Goal of the exercise —
In the records below, take the line with "(Hidden Snap Collars)" and all lines after it, and copy them exactly, pictures excluded.

[Opening Provided information section]

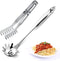 Pleafind Spaghetti Spoon and Spaghetti Tong 2-Piece Set, 13-Inch Non-Stick Spaghetti Fork and 9-Inch Kitchen Tong, Easy Storage and Cleanup, Ergon...
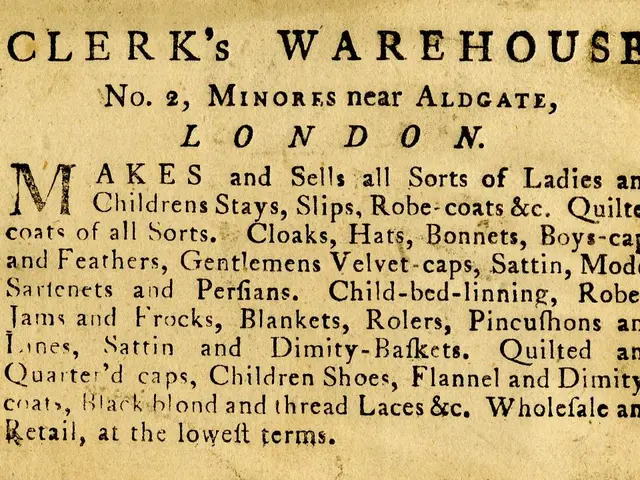 The image shows an old advertisement for Clerk's Warehouse, No. 2 Minores near Aldgate, London. The...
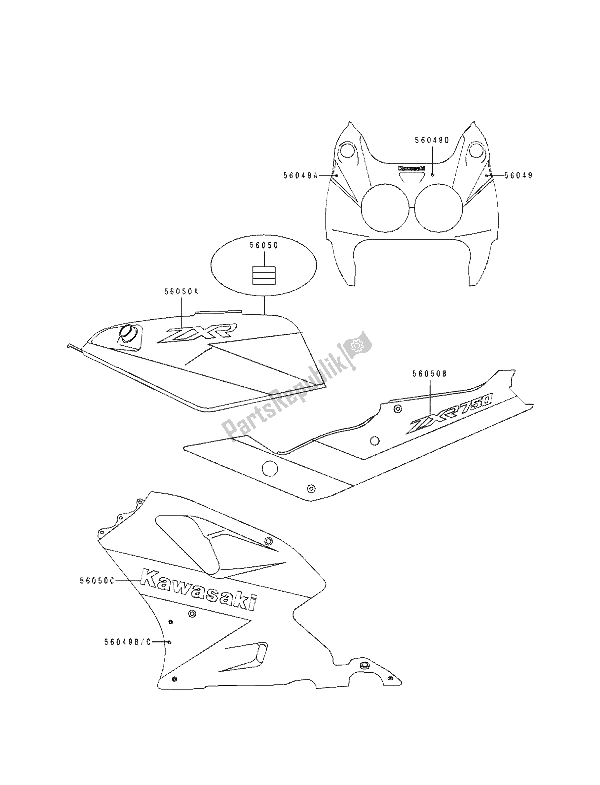 Tutte le parti per il Decalcomania (verde-bianco-blu) del Kawasaki ZXR 750 1991
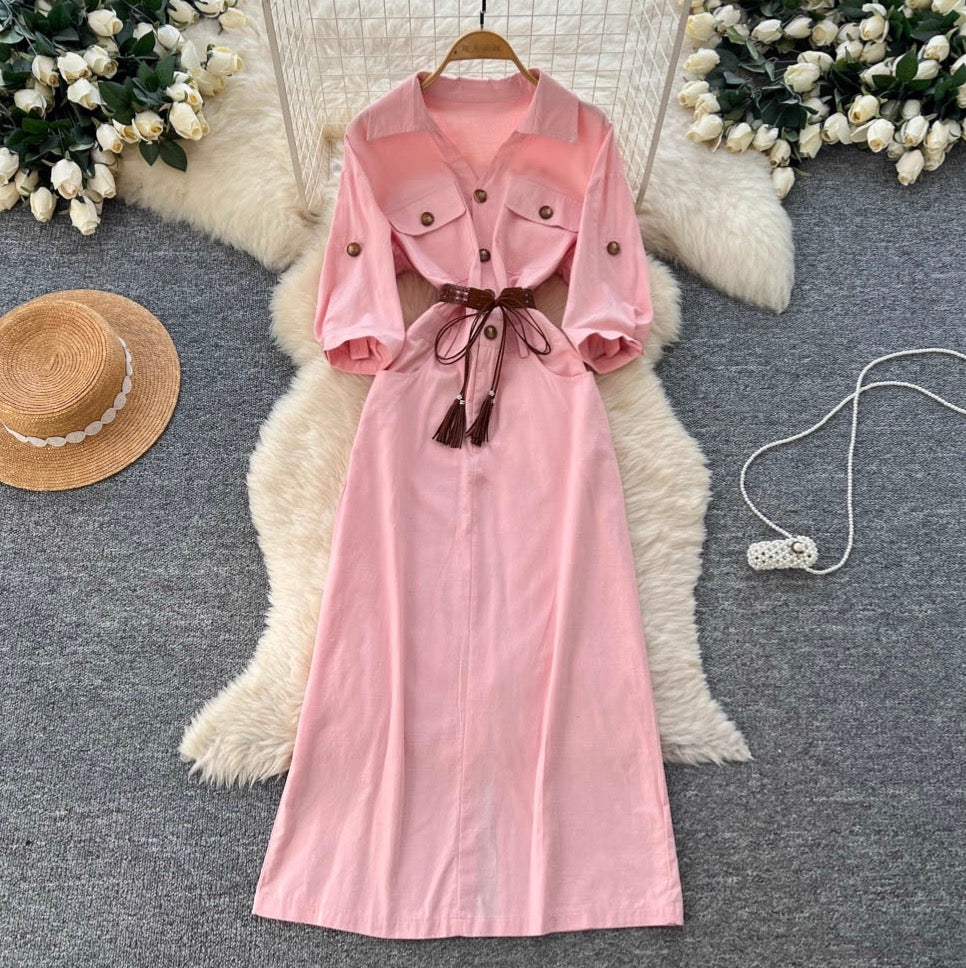 Casual Fifth-sleeve Pink Shirt Dress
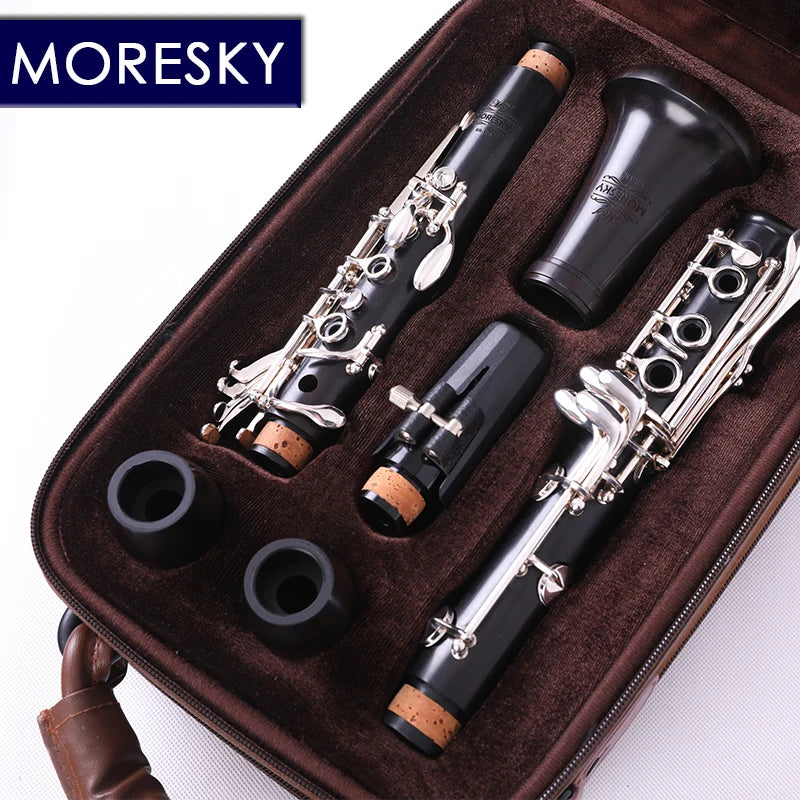 MORESKY Professional Ebony Clarinet bB tune 18 Key Silver plated copper Solid wood clarinet SR-136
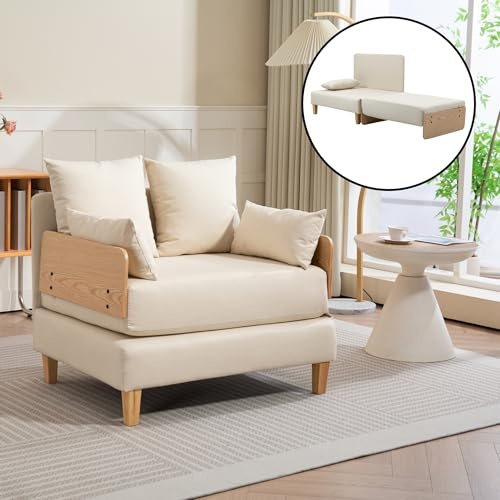[en.casa] Schlafsofa Seinlus 1-Sitzer Sofa mit Schlaffunktion Schlafsessel Gästebett klappbar Schlafcouch mit Bettfunktion 81 x 88 x 68 cm Beige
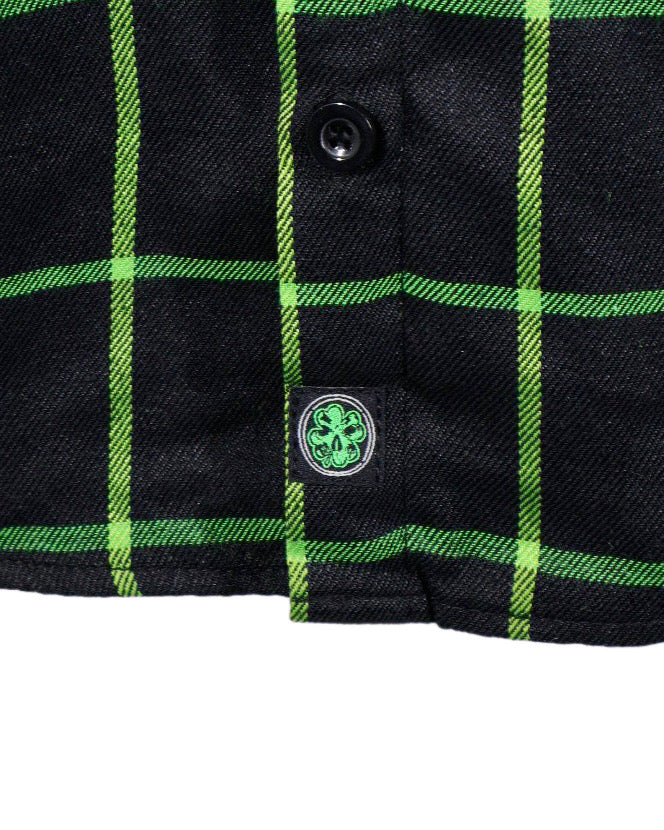 The "Lucky" Black & Green Flannel (Hidden Snap Collars)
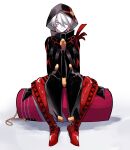  1boy black_coat blue_eyes boots closed_mouth coat colored_skin cross-laced_footwear fate/grand_order fate_(series) hair_over_one_eye highres hood hood_up karna_(fate) karna_(santa)_(fate) lace-up_boots male_focus red_footwear sandbag sitting smile solo thigh-highs thigh_boots white_hair white_skin 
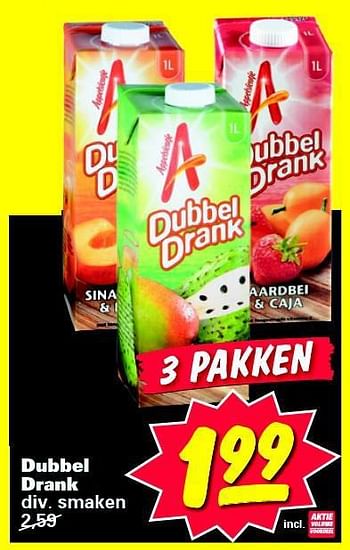 Aanbiedingen Dubbel drank div. smaken - Appelsientje - Geldig van 21/07/2014 tot 27/07/2014 bij Nettorama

[Closing Provided information section]

The answer —
 The "Lucky" Black & Green Flannel (Hidden Snap Collars)
  1boy black_coat blue_eyes boots closed_mouth coat colored_skin cross-laced_footwear fate/grand_order fate_(series) hair_over_one_eye highres hood hood_up karna_(fate) karna_(santa)_(fate) lace-up_boots male_focus red_footwear sandbag sitting smile solo thigh-highs thigh_boots white_hair white_skin 
 Aanbiedingen Dubbel drank div. smaken - Appelsientje - Geldig van 21/07/2014 tot 27/07/2014 bij Nettorama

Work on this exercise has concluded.